What to do: Using the listing below, retype exactly the lines starting at the one with "Hand-drawn ladder of" and ending at the one with "10K witgouden oorbellen", and include both.

Data listing:
------------------------------

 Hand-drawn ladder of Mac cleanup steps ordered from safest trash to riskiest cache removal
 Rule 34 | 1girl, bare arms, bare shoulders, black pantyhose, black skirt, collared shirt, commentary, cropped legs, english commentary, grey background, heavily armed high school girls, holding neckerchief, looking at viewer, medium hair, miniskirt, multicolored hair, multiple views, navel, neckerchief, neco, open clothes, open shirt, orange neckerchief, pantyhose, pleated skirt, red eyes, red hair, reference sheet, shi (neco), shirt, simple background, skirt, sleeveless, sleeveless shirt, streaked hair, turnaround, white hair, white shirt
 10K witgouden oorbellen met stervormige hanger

------------------------------

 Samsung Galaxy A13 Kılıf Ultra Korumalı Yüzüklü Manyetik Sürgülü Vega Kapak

------------------------------

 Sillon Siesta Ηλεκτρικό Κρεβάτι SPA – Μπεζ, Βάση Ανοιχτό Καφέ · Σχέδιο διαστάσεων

------------------------------

Answer to this task:
 Hand-drawn ladder of Mac cleanup steps ordered from safest trash to riskiest cache removal
 Rule 34 | 1girl, bare arms, bare shoulders, black pantyhose, black skirt, collared shirt, commentary, cropped legs, english commentary, grey background, heavily armed high school girls, holding neckerchief, looking at viewer, medium hair, miniskirt, multicolored hair, multiple views, navel, neckerchief, neco, open clothes, open shirt, orange neckerchief, pantyhose, pleated skirt, red eyes, red hair, reference sheet, shi (neco), shirt, simple background, skirt, sleeveless, sleeveless shirt, streaked hair, turnaround, white hair, white shirt
 10K witgouden oorbellen met stervormige hanger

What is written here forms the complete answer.